Lo sprint di Cameron: governo e referendum. E l’Ue prepare la “diga”

9 Mag 2015 9:48 - di Elsa Corsini

Dopo la schiacciante vittoria dei conservatori britannici con la conquista di 331 seggi su 650, David Cameron si appresta a formare un nuovo governo da solo, forte di una maggioranza assoluta che gli consente di procedere sulla strada del referendum sulla presenza della Gran Bretagna in Europa. «Ho già visto la Regina, formerò il nuovo governo», ha detto il leader conservatore a scrutinio ancora in corso. Cameron procede a tappe forzate e ha già avviato i lavori per la formazione della nuova squadra di ministri annunciando la conferma immediata del fedelissimo George Osborne nell’incarico chiave di cancelliere dello Scacchiere, responsabile della politica economico-finanziaria.

Cameron e il referendum

Referendum avanti tutta: la consultazione popolare per decidere il destino europea di Londra del resto era stata una promessa solenne fatta da Cameron nel 2013 per placare le richieste dell’ala anti-europea del suo partito anche per tagliare l’erba sotto i piedi degli indipendentisti dello Ukip, il partito populista che ha fatto della “Brexit” la propria bandiera.
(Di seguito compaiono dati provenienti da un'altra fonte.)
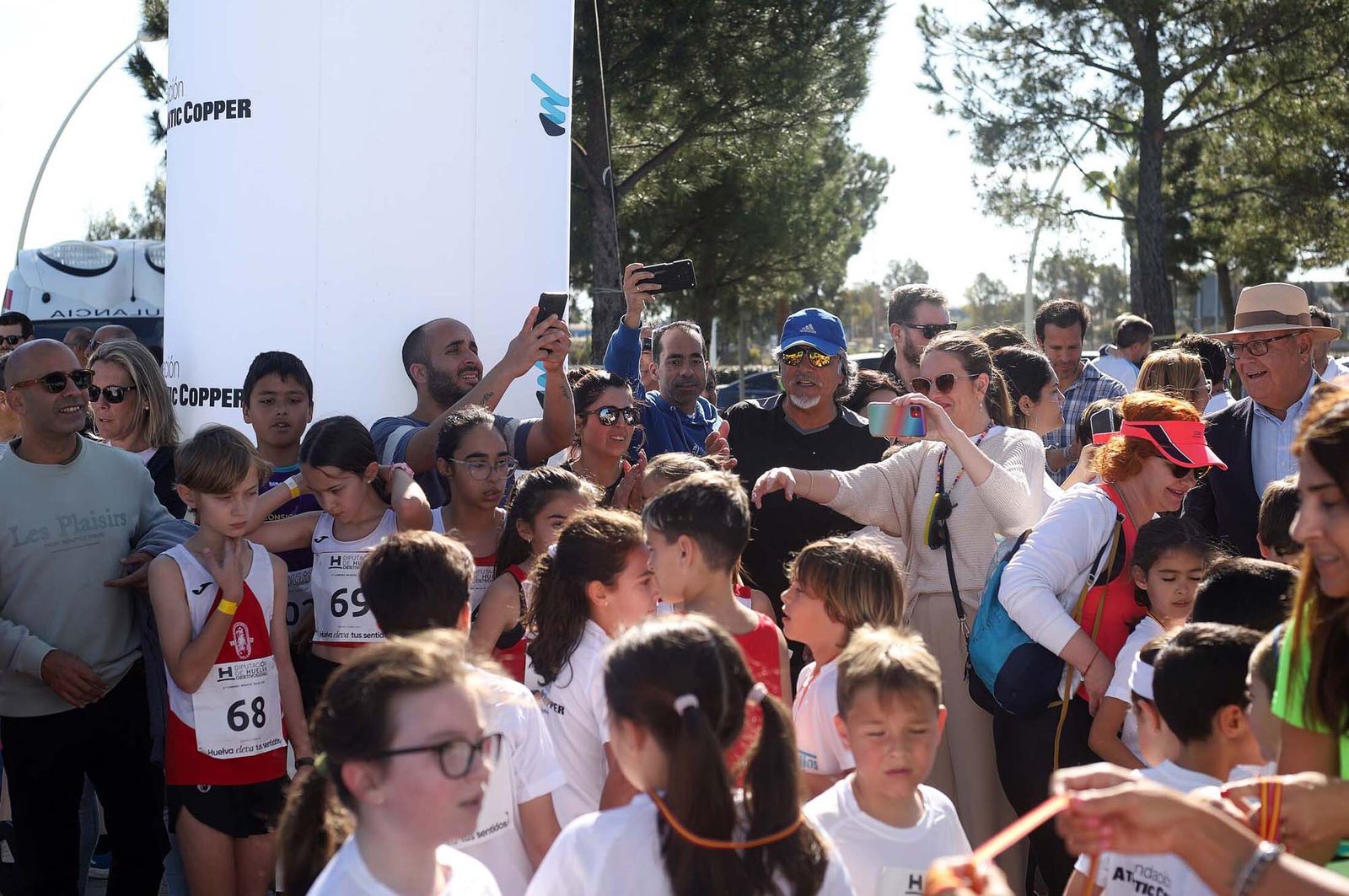 Imágenes de la carrera infantil previa a la "10K Puerta del Descubrimiento"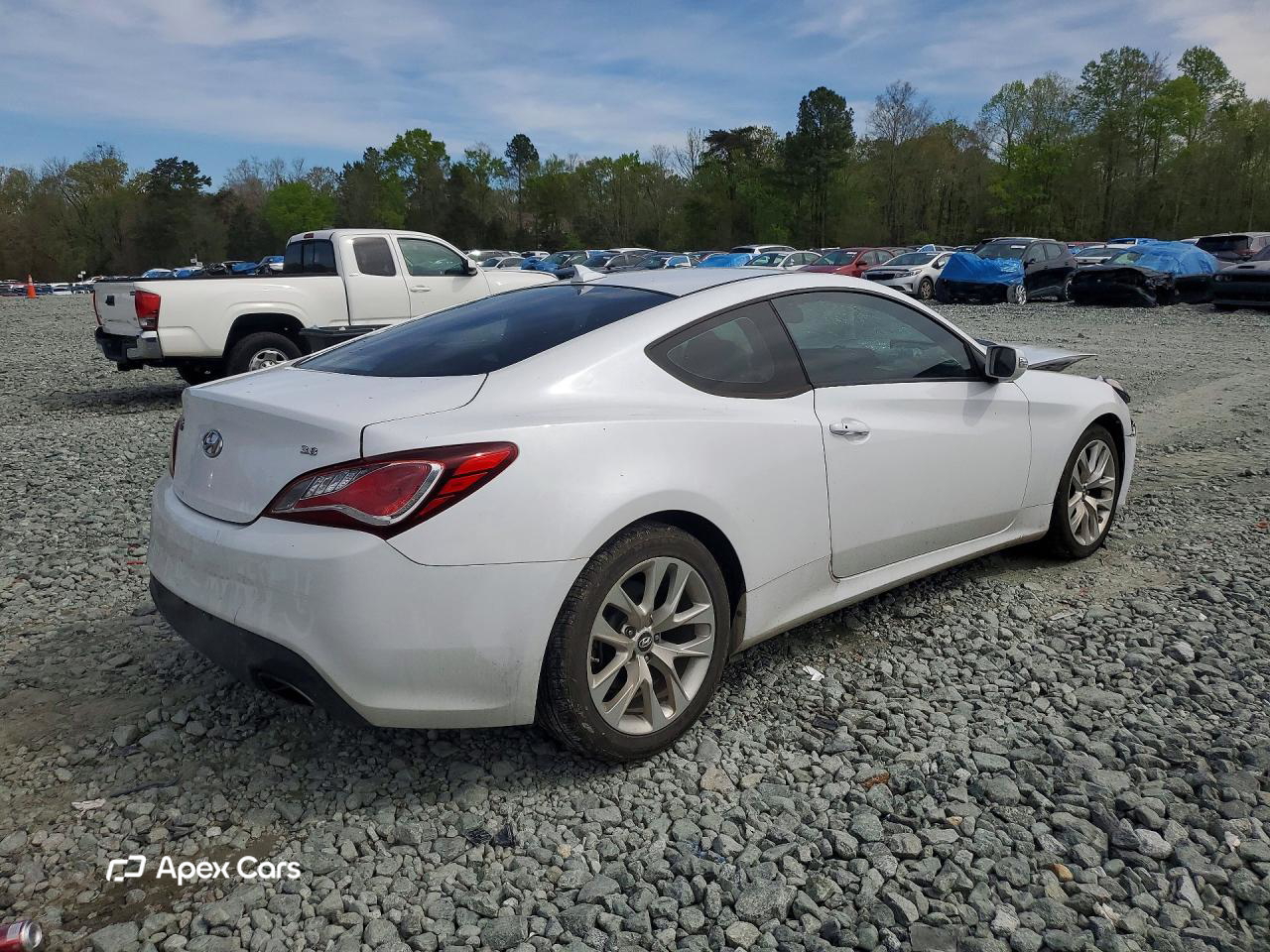 Hyundai Genesis 2015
E l’operazione ha pagato come dimostrano i flussi elettorali che hanno portato alla sconfitta e alle dimissioni di tutti gli altri leader.

La contromossa dell’Ue

In meno di ventiquattr’ore è partita la controffensiva di Bruxelles per evitare il peggio. L’idea di Cameron è chiarissima: ottenere importanti concessioni dai partner europei per rinazionalizzare una serie di politiche che ora sono decise in sede Ue, a partire da quella sulla libera circolazione delle persone che ha creato molti risentimenti da parte delle classi popolari per la forte immigrazione di lavoratori dall’Est europeo, accusati anche di fare welfare shopping. Juncker ha detto di voler incontrare Cameron «al più presto perché abbiamo molte cose da dirci» e ha promesso che si impegnerà ad offrirgli un fair deal (un buon accordo) anche se il premier britannico si è opposto fino alla fine alla sua nomina come presidente della Commissione ritenendolo “troppo filo-europeo”. Ma i veri ostacoli alle richieste britanniche verranno dalle altre capitali europee: Berlino e Parigi in primo luogo.